Aviso. Este conteúdo é informativo e usa valores ilustrativos. Tabelas de INSS e IRPF, faixas do Simples Nacional e o limite de faturamento do MEI são atualizados por lei periodicamente, e a alíquota do ISS varia por município e por atividade. Antes de fechar a proposta, valide enquadramento, pró-labore e alíquotas com um contador, e a redação do contrato com um advogado quando o valor envolvido justificar.

Perguntas frequentes

Qual é a fórmula rápida para calcular o salário PJ?

Faturamento PJ = (pacote CLT mensal reposto + provisões + custos fixos em reais) dividido por (1 menos a soma das alíquotas que incidem sobre o faturamento). No exemplo deste artigo, R$ 8.000 de salário CLT resultaram em cerca de R$ 11.750 de faturamento PJ. Como atalho de negociação, multiplicadores entre 1,3 e 1,6 cobrem a maioria dos casos: o topo da faixa quando havia plano de saúde e benefícios relevantes, o piso quando o pacote era só o salário.

Como calcular o desconto do PJ, ou seja, quanto sai do meu faturamento?

As saídas são quatro: o tributo do regime sobre o faturamento, o INSS sobre o pró-labore, o IRPF sobre o pró-labore e os custos fixos da empresa, como contabilidade, conta PJ e certificado digital. Some as três primeiras em percentual e trate os custos fixos em reais. No exemplo, R$ 11.750 de faturamento tiveram cerca de R$ 1.477 de saídas, deixando R$ 10.273 disponíveis.

Preciso somar o INSS patronal de 20% ao valor que vou pedir?

Não. O INSS patronal era custo do empregador e nunca entrou no seu bolso, então somá-lo ao seu alvo infla a conta sem base. Ele serve como argumento: mostre que, mesmo com o multiplicador que você pede, o contratante continua economizando o INSS patronal, o FGTS e as provisões de folha.

Vale mais a pena ser MEI ou abrir empresa no Simples para receber como PJ?

Depende do valor mensal e do limite anual do MEI, que é revisado por lei. Alocações de tempo integral em valores como os do exemplo normalmente estouram esse limite ao longo de 12 meses, o que obriga ao desenquadramento e à migração para o Simples, com recolhimento retroativo. Projete o faturamento anual e confirme o limite vigente com um contador antes de escolher o enquadramento.

Como calcular o valor por hora a partir do valor mensal PJ?

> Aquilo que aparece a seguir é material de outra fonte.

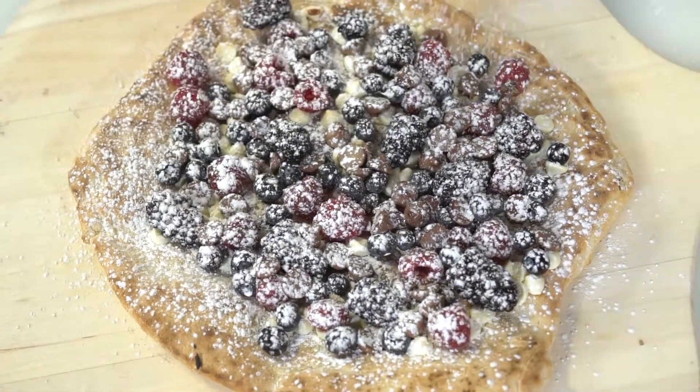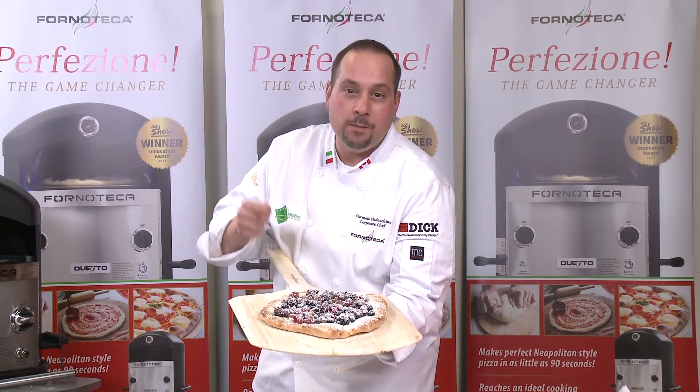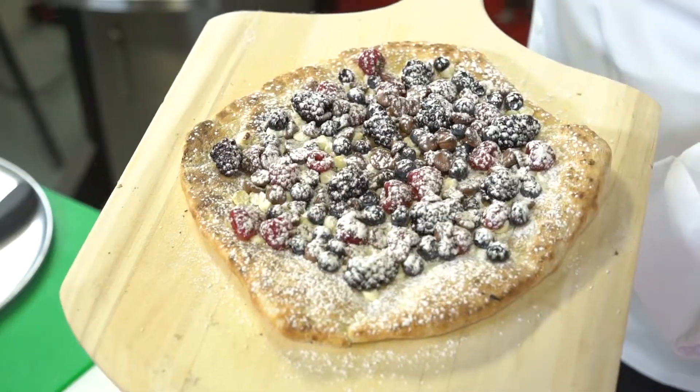Look at this — wild berries, white chocolate, milk chocolate and icing sugar pizza. Let's enjoy this one.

Multiplique o valor mensal por 12 e divida pelas horas que você realmente vai faturar no ano, não pelas 2.080 horas da jornada teórica. Descontando feriados, recesso e uma margem de imprevisto, sobram cerca de 1.784 horas. No exemplo, R$ 141.000 por ano em 1.784 horas dão aproximadamente R$ 79 por hora.

O que exigir no contrato depois de fechar o valor?

Escopo por resultado, valor e forma de pagamento, prazo de pagamento com multa e juros por atraso, cláusula de reajuste anual por índice, prazo de aviso para rescisão, multa por rescisão antecipada e definição clara de autonomia, sem controle de jornada e sem subordinação. Como PJ você não tem aviso prévio legal nem multa de 40% do FGTS, então tudo isso precisa estar escrito.

Esse cálculo serve para qualquer profissão?

A mecânica serve para todas, os números não. Muda o anexo do Simples da atividade, muda o ISS do município, muda o peso dos benefícios que você tinha e muda o custo de equipamento, software e certificações. Use a estrutura das três etapas e substitua as alíquotas pelas do seu caso, validadas com um contador.